Тем не менее, до седьмого века ПУР Воденбург оставался всего лишь столицей малой провинции королевства франков. Только лишь после 653 года, после изгнания кратисты Иллеи, когда давление кратистосов на керос Европы несколько ослабел, Неургии удалось выбить себе относительную независимость. Ее столица со временем завоевала имя и значение одного из главных купеческих городов Европы. В течение нескольких веков Воденбург даже был резиденцией одного из меньших кратистосов, который вполз в просвет между антосами соседствующих Сил. А уже Сила Формы Григория Мрачного позволила Воденбургу до конца затмить прирейнские граничные города и южные франконские грады.
Колонизация Хердона и начало трансокеаносской торговли в крупном масштабе инициировали эпоху благоденствия. Была открыта академия, начала деятельность одна из первых на севере факторий воздушных свиней, слава и изделия здешних стекловаренных заводов доходили до самых отдаленных уголков света. Верфи работали на полную катушку; персидские, еврейские и готские кварталы непрерывно разрастались. Сюда отовсюду тянулись текнитесы высоких искусств и ремесел, математики и алкимики — ведь именно здесь, в Воденбурге, Ире Гауке изобрел пневманон. Воденбург был третьим городом, после Александрии и Москвы, где была установлена система пирокийного уличного освещения…
В настоящее время князь формирует проект высокого подушного налога, чтобы профинансировать интенсивный морфинг кероса всей Неургии, способный обеспечить калокагатическую Форму — совершенство духа и тела — которой совершенно бесплатно пользовались города-резиденции более альтруистичных кратистосов. Неургия должна была заплатить за это громадные деньги, на многие годы нанимая на тяжкий труд целые полки текнитесов. Но проект принес самому князю огромную популярность среди простого народа, ведь аристократия и богатые купцы, которые в большей части и правят Воденбургом, так или иначе пользуются услугами текнитесов, просто они опасаются наплыва под филантропическую Форму эмигрантов со всей северо-западной Европы. Город, известный в Европе как Столица Бродяг, и так уже лопался по швам.
Антон рассказывал о всем этом, ведя брата с сестрой по залитым утренним светом улицы. Абель с Алитеей намеревались отправиться сами, но пан Бербелек настоял; сначала он вообще хотел предоставить им карету, но в конце концов — впрочем, ему нужно было куда-то отправиться по делам — он согласился на то, чтобы их сопровождал сын Порте. Антон взял с собой длинную дубинку «пожалте» и свисток для стражников.

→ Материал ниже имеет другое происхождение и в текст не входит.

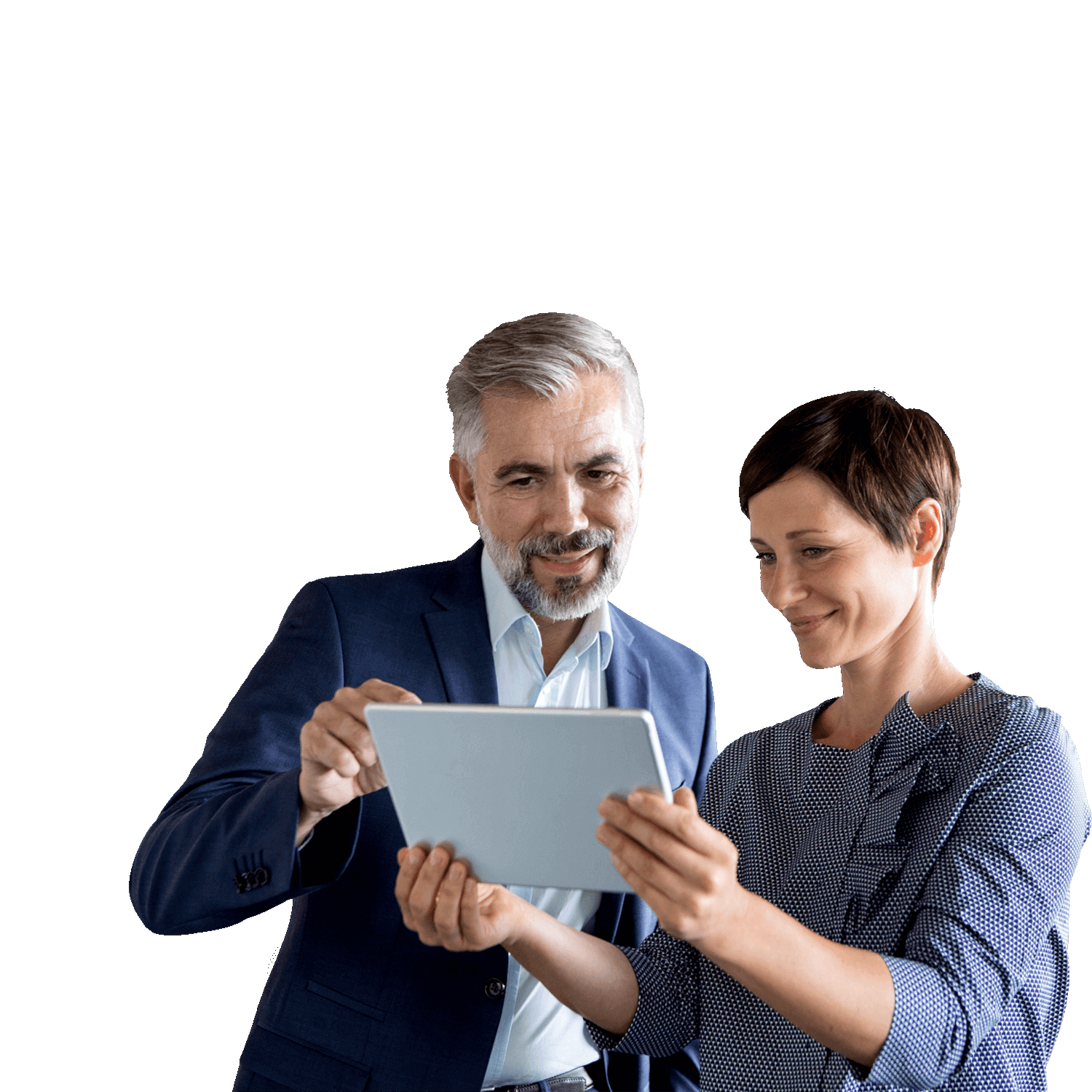 Homme et femme travaillant sur une tablette, symbolisant le secrétariat juridique de confiance offert par MEDIALEX.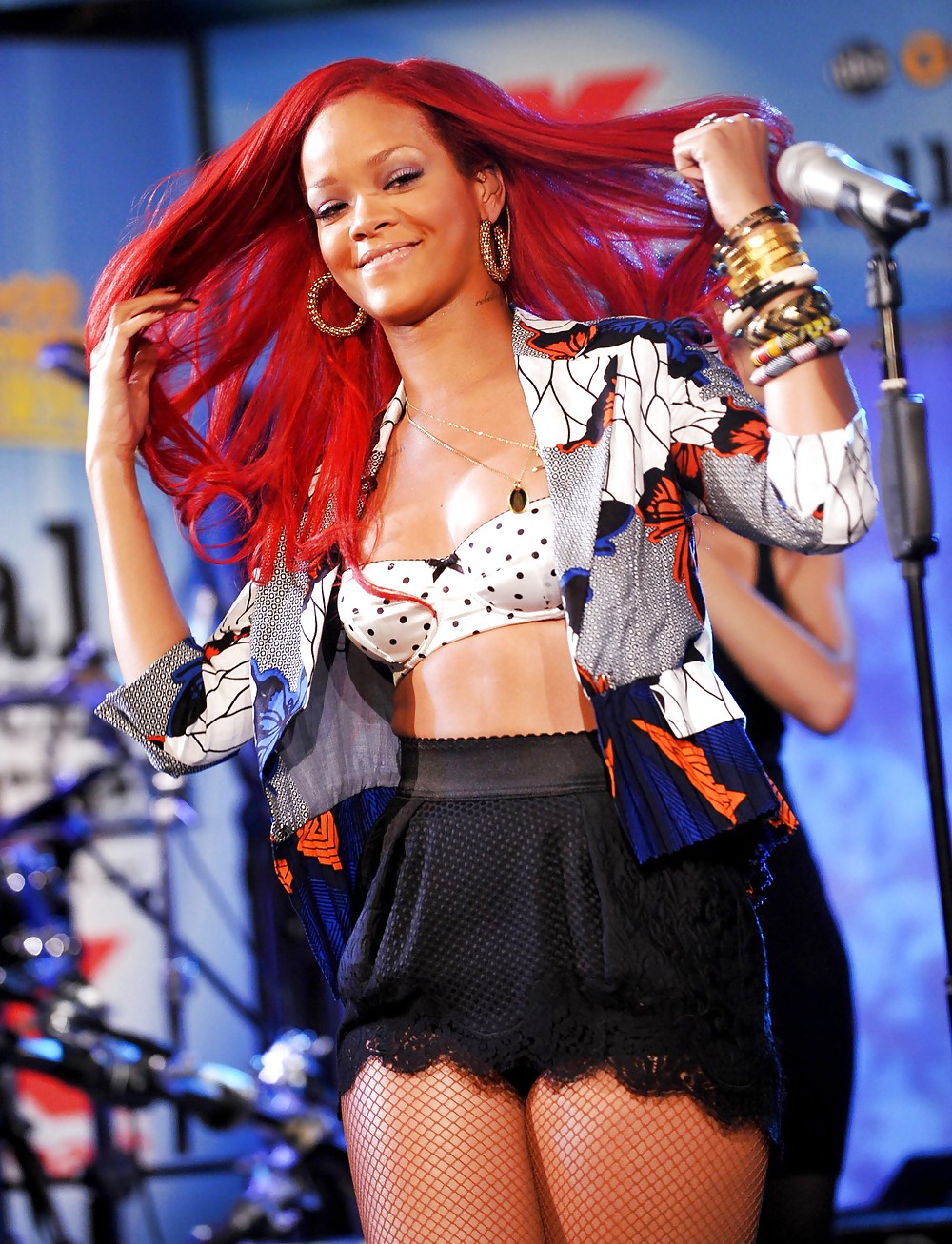 Rihanna 2 By twistedworlds #4333318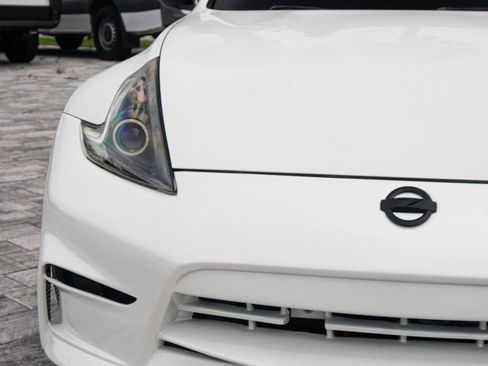 Used 2016 Nissan 370Z Coupe RWD image 10
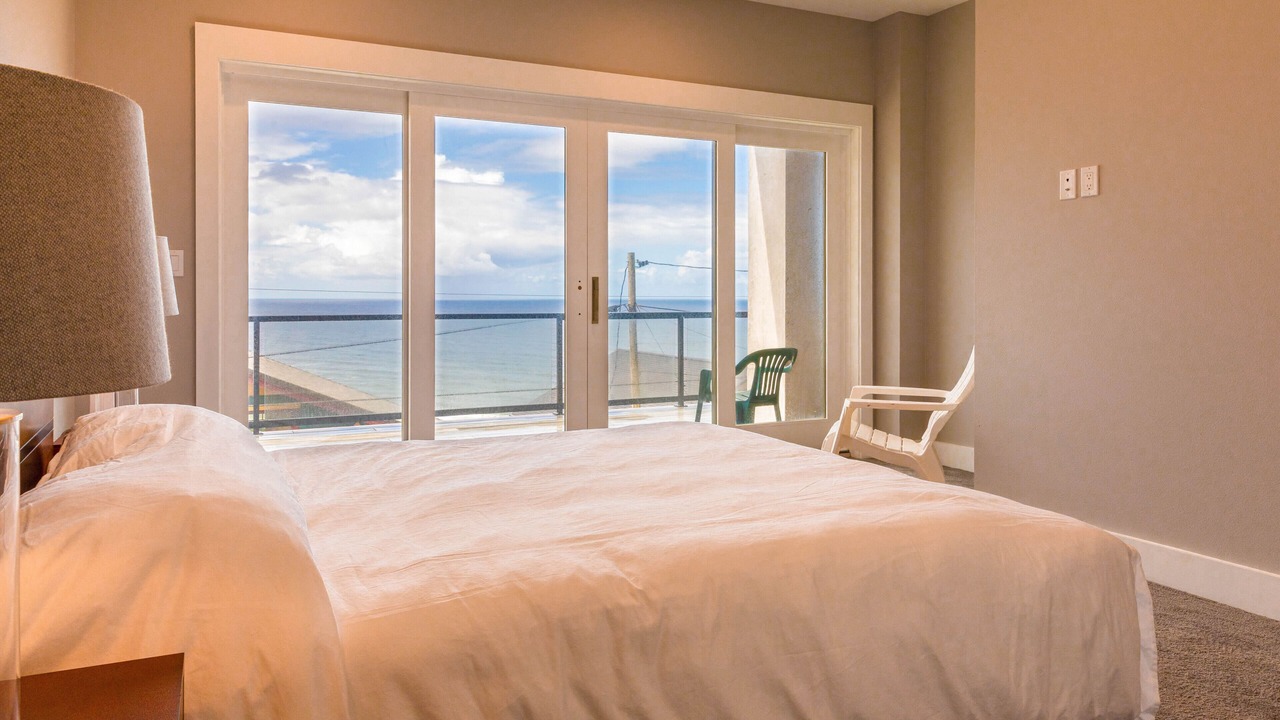 Photo of Bedroom in Oceanside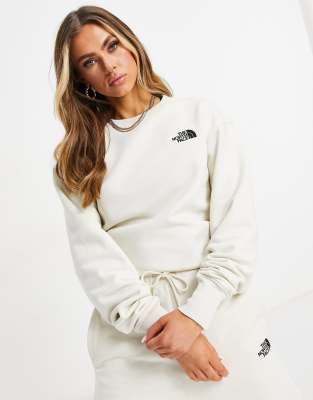 northface white sweatshirt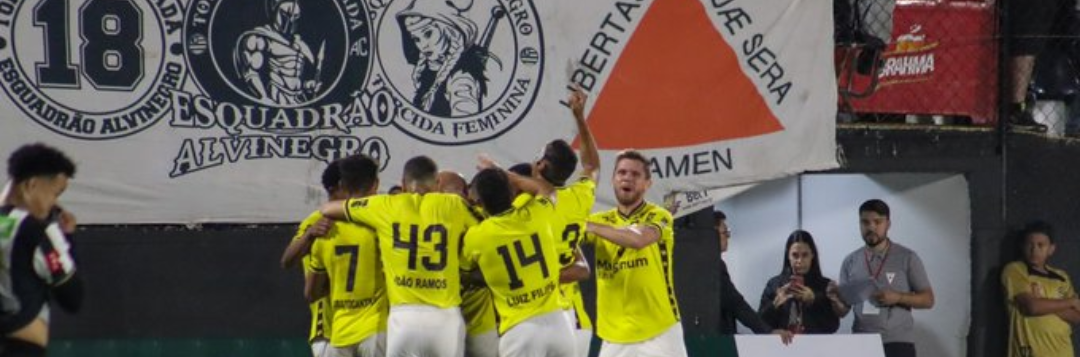 imagem da materia: São Bernardo atropela Athletic e embola tabela da Série C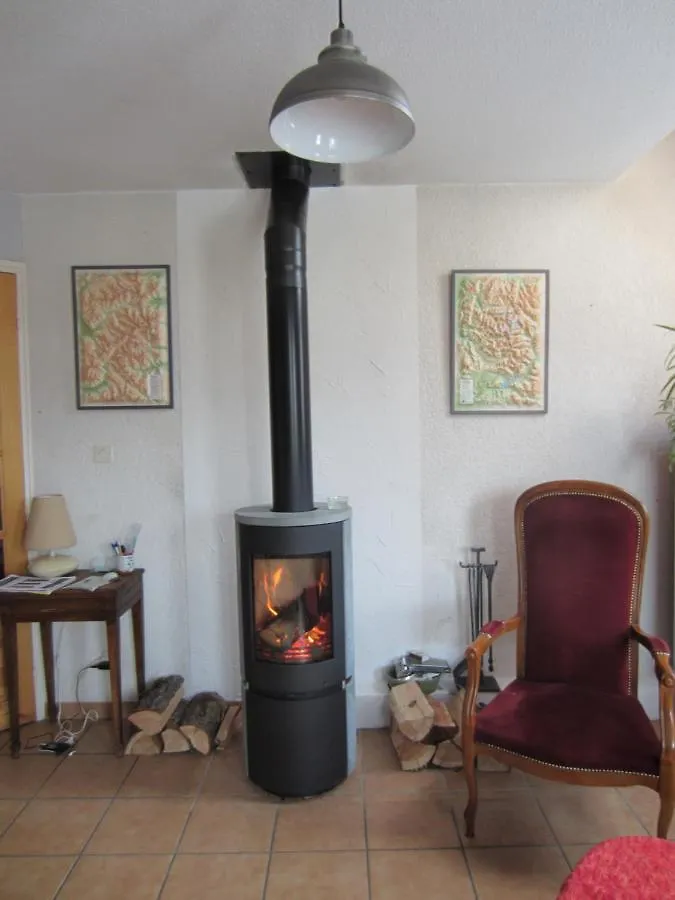 Chez Cat Et Christophe , Chambre Calme Et Lumineuse Chez L'Habitant Avec Vue Guillestre Couette-café
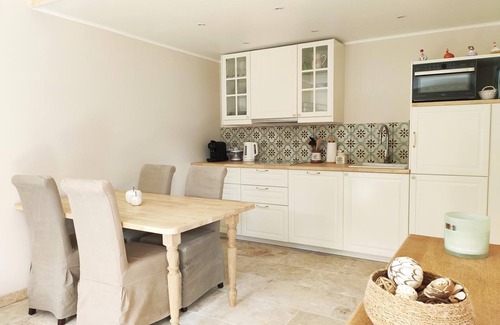 Mollans-sur-Ouveze Apartment | Au Coin du Genévrier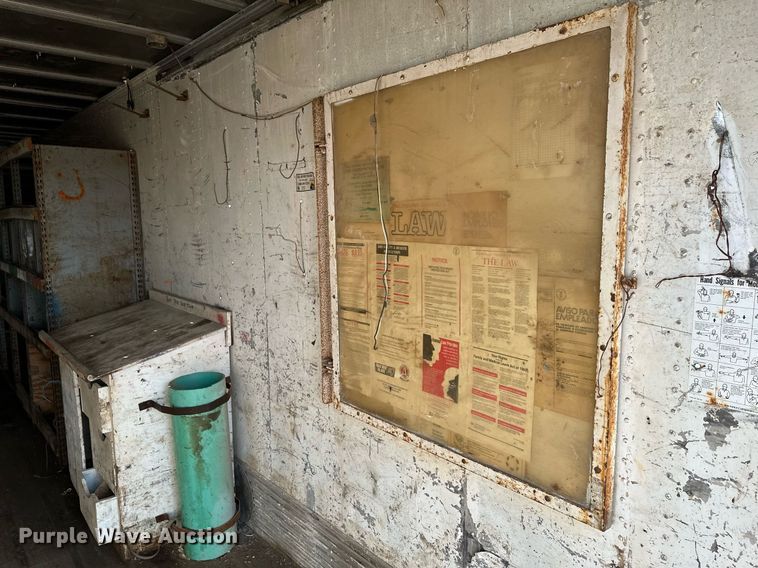 image for item NX9714 1971 Trailmobile A31A-1SAW  dry van trailer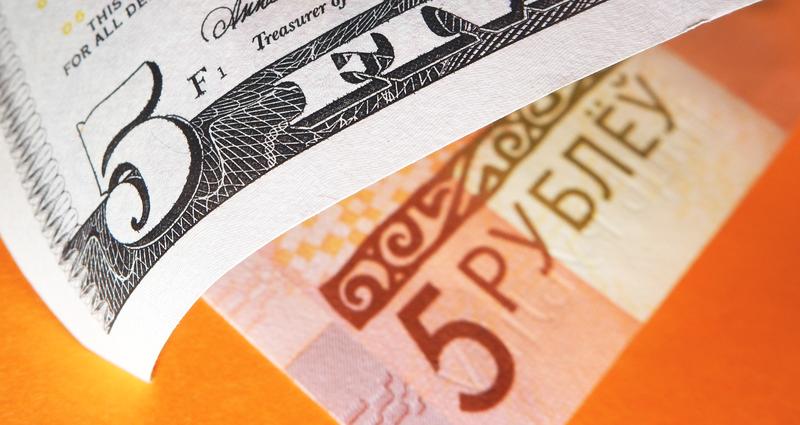 Белорусский рубль девальвировался к доллару на торгах 5 июля 2022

В первый момент они направились к порту — панорамный вид и наклон почвы ведут к морю всех нерешительных. Но, поскольку они сворачивали всякий раз, когда только что-нибудь заинтересовывало Абеля или Алитею, то вскоре очутились в самом сердце нового персидского квартала — на широкой и прямой пальмовой аллее, среди искусной архитектуры арабских домов, украшенных цветастыми узорами по белой штукатурке; над плоскими крышами вздымался толстый гномон минарета.
Впервые в жизни увидели они живые пальмы, известные им до сих пор только из книжек. Алитея подошла, провела ладонью по шершавому стволу.
— Но они же нигде в этом круге Земли больше не растут, правда? — морщил брови Абель. — Это какая-то порода, морфированная для большей стойкости к морозам?
— Да нет, скорее всего, это не так, — ответил Антон. — Тут вокруг полно измаилитских демиургов и текнитесов. Вот, к примеру, дом Гайбы ибн Хассая, княжеского ювелира; так что они спокойно могут высаживать пальмы, зербиго и апельсины.
И действительно, воздух в этом квартале казался чуточку теплее, во всяком случае, пах он совсем по-другому. Абель пытался различить экзотические благовония: ладан? корица? бекшта? Понятно, что их окружал и обычный запах города, то есть, смрад, вонь громадной людской толпы и сбитых на небольшом пространстве людских жилищ. По аллее грохотали повозки, быстрым шагом куда-то направлялись десятки, сотни прохожих — большинство из них было в традиционных измаилитских джульбабах, джибах, шальварах и тарбушах; женщины — в ослепительно цветастых одеяниях, украшенные одинаково тяжелой, что и дешевой бижутерией. По виду татуировок и морфингу кожи можно было узнать мусульман.
— Хотелось бы ее когда-нибудь увидеть!
— Что?
— Ну, эту их страну. Пальмы, солнце, львов. Ты понимаешь — пустыни, пирамиды…
— Ага, и еще скорпионов, мантикор, ифритов, гиен, стервятников, джиннов, вшей, москитов и малярию.